* _Work to be completed_
Transcribe the records that follow. Keep every word exactly, and drop the pictures.

━━━ Records ━━━

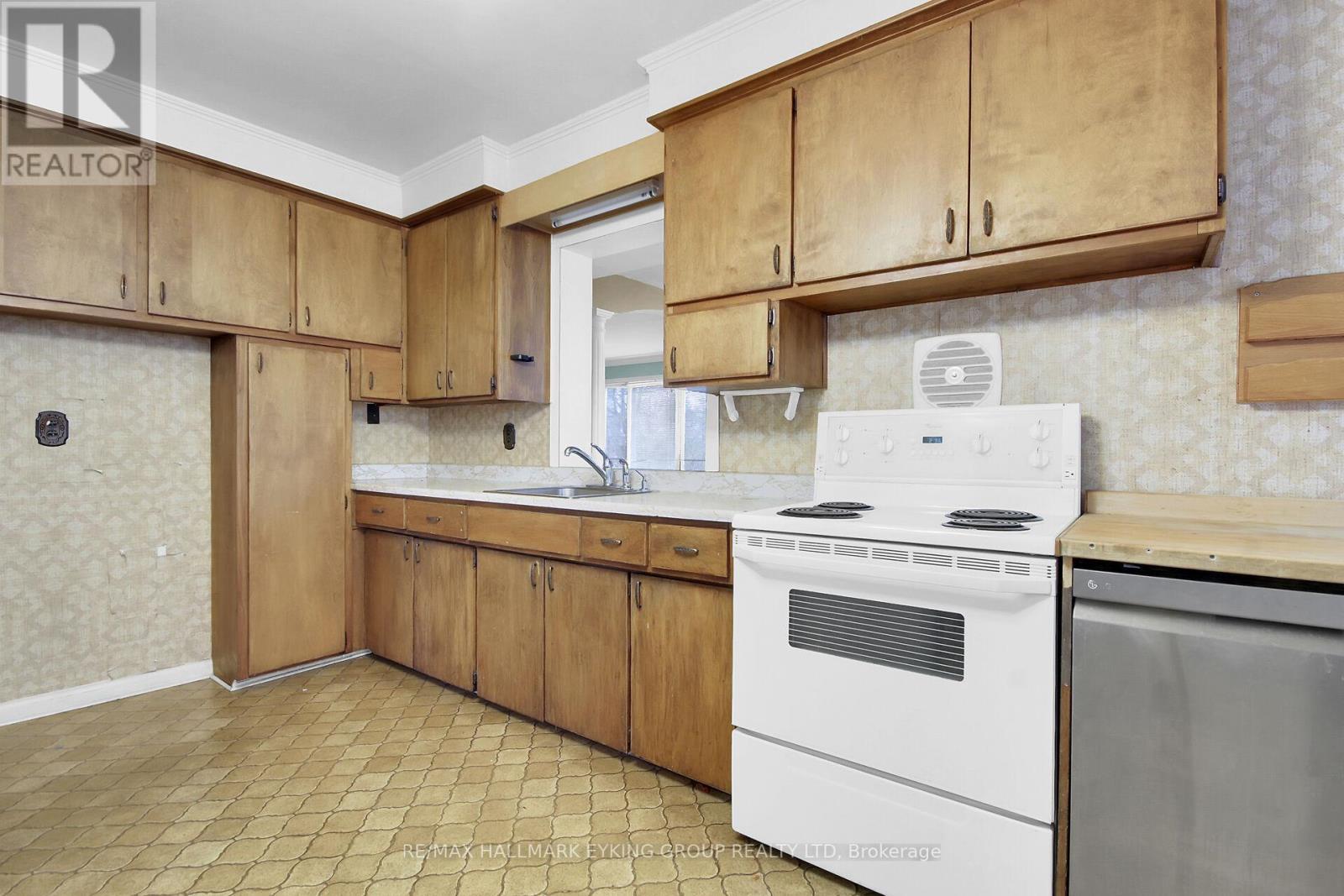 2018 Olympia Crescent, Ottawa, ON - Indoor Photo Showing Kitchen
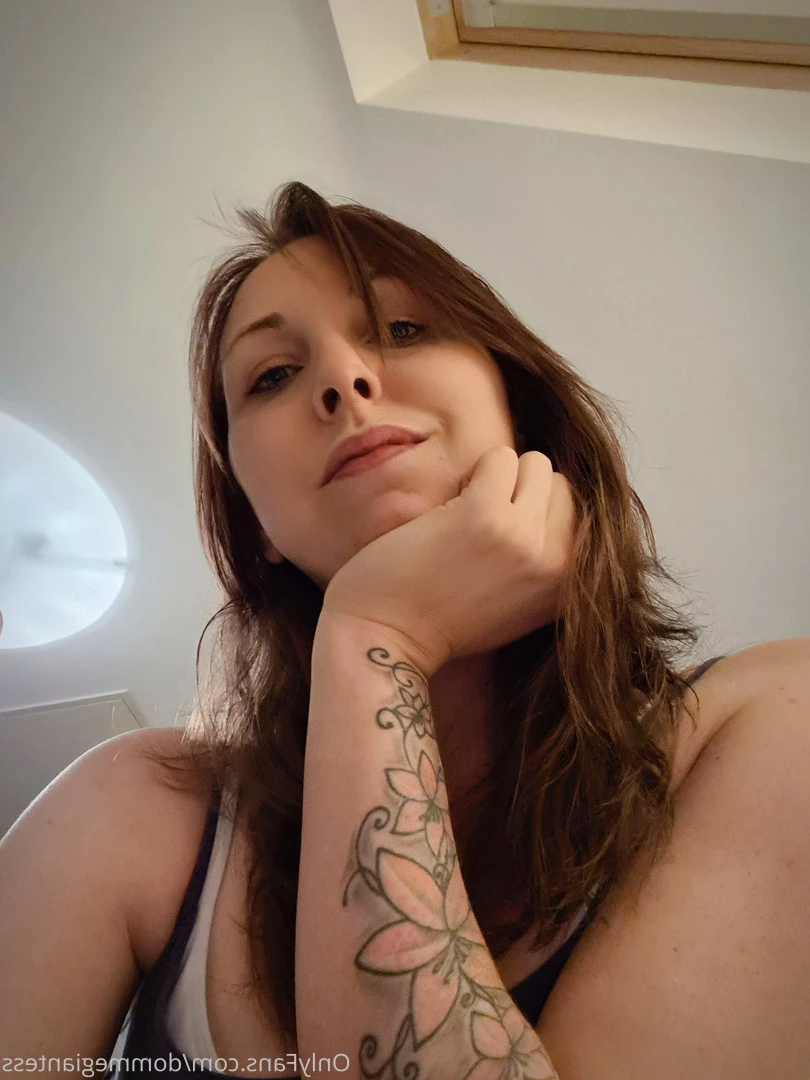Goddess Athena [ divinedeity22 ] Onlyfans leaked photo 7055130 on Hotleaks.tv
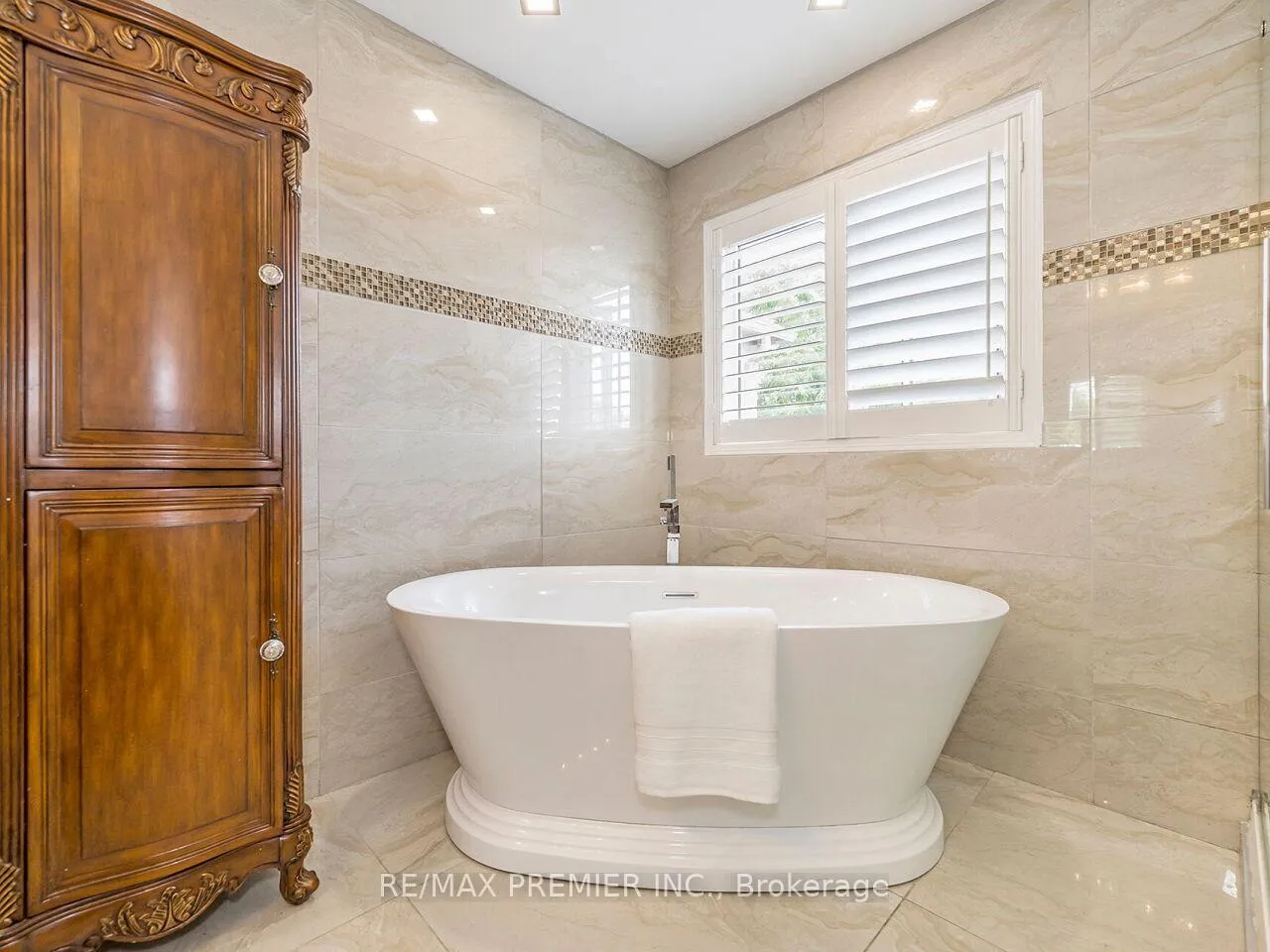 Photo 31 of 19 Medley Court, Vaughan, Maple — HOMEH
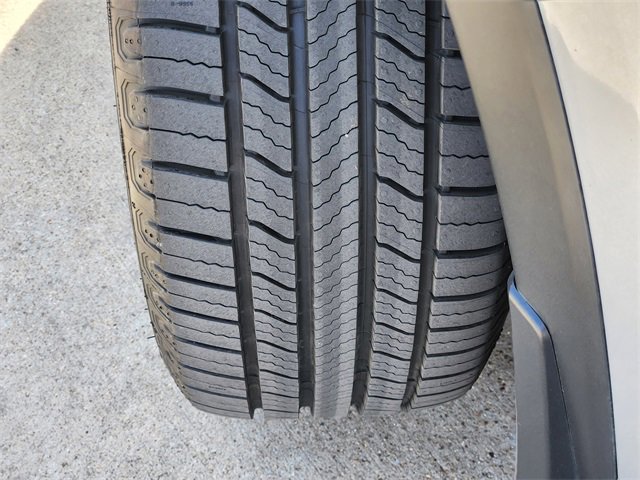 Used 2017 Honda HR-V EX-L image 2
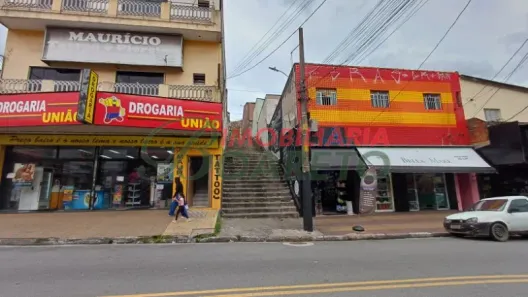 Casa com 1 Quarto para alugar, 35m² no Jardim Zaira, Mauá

━━━

* _Answer below_
 2018 Olympia Crescent, Ottawa, ON - Indoor Photo Showing Kitchen
Goddess Athena [ divinedeity22 ] Onlyfans leaked photo 7055130 on Hotleaks.tv
 Photo 31 of 19 Medley Court, Vaughan, Maple — HOMEH
 Used 2017 Honda HR-V EX-L image 2
 Casa com 1 Quarto para alugar, 35m² no Jardim Zaira, Mauá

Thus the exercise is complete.